I went to a store and asked for some kazoos.
I had in mind about six - a kazoo band with tambourines, the musicians being the childers of the congregation. Why not?
Then I went to all the other stores, and all I got was a look as if I ought to know better and a ''A ka-what?'' The kazoo, I was ready to report, had gone with the drip pan of the ice chest, the kerosene barn lantern, and such obsolete oddities of Great-grandmother's day. I went to enough stores to establish a trend. But when I went into my favorite hardware store, one that has found me my quirks and curiosities for many years, the man looked up to say ''A ka-what?'' and was accompanied by a snicker behind me. I turned to find a most good-looking young woman with a smile on her lips and a twinkle in her eye. She was waiting while a purchase was wrapped, and now she lifted her hands to her mouth, feigned a deep breath, and went, ''Tatata-tee-tatata-tee, tah, tah, tah,'' and marched around the houseware counter as if J. P. Sousa himself were conducting seventy-six instruments in The Stars and Stripes Forever.
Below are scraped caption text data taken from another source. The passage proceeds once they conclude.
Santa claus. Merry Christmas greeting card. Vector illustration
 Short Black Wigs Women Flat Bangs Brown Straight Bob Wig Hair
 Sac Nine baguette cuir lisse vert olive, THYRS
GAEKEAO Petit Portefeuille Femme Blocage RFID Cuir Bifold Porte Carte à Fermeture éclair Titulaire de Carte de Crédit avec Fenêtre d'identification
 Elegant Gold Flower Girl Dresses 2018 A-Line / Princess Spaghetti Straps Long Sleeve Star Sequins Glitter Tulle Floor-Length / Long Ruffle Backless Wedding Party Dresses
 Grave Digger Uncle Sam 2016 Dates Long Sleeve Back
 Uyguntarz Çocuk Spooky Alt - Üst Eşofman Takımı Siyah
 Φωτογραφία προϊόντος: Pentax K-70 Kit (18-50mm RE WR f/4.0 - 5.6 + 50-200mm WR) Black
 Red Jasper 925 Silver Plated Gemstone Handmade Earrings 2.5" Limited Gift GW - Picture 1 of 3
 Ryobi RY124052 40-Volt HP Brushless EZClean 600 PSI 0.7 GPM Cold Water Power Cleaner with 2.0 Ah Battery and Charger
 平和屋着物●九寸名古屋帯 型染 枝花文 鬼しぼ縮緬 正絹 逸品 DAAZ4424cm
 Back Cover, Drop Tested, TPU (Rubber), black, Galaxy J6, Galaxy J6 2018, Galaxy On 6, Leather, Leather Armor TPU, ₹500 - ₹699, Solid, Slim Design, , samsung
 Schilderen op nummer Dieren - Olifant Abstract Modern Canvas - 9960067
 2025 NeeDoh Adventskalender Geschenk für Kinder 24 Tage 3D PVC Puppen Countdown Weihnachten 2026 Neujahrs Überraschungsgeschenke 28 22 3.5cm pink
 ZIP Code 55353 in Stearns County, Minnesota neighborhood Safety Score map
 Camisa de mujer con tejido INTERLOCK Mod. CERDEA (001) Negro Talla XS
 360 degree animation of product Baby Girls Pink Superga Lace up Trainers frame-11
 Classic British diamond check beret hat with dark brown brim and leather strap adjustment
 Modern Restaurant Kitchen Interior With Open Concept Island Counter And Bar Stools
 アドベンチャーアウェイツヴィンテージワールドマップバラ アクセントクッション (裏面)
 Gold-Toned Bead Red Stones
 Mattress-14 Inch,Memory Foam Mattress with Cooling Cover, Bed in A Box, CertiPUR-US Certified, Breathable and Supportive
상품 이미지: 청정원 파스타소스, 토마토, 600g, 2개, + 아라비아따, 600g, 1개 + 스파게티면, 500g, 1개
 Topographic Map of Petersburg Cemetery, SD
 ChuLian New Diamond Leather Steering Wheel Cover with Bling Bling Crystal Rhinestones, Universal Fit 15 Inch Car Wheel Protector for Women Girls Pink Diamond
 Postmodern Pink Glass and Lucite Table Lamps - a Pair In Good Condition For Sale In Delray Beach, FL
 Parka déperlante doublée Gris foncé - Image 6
I ran off a paradiddle on a dishpan, after which we embraced as is the privilege of kindred souls, although we hadn't met before. ''Why in the world do you want a kazoo?'' she asked.
''I'm organizing a band for the Fourth of July.''
Several customers now moved toward the exit, as if fleeing imminent disaster; the proprietor looked as if he were debating whether to call the police or the funny cart; and she said, ''I want to be in it!''
Then she said she was pretty sure I could get kazoos at Mr. Tandyfour's toy shop, but even there, when I applied, the clerk said, ''A ka-what?'' But another clerk interposed her opinion that kazoos can be had, and she would make a telephone call and find out.
I assume she called a wholesaler, because she came shortly to tell me she could get one by Friday, and it would cost me eighty-nine cents.
''Get me six,'' I said, and the first clerk said, ''What are you talking about?''
On the Saturday before The Fourth, which we observed patriotically on the proper day, we lined up our musicians with kazoos and tambourines, and it didn't take long to whip up a dandy band. None of the musicians had heard of a kazoo, had played a kazoo, being of tender age, but in the aggregation of the following morning quite a few of the older folks responded, remembering the kazoo from away back, and you could spot them by the way they held their hands over their ears. But to most, the sweet strains of the instrument were being heard for the first time.
Our observance has the merit of being concluded by eight o'clock, leaving the rest of The Fourth free time, and after everybody is gone I tidy up. The saluting cannon must be cleaned, and the big frypans washed and buttered. And I collected my six kazoos to be laid away for the next annual bicentennial, should we lack drum and flute again, heaven forbid.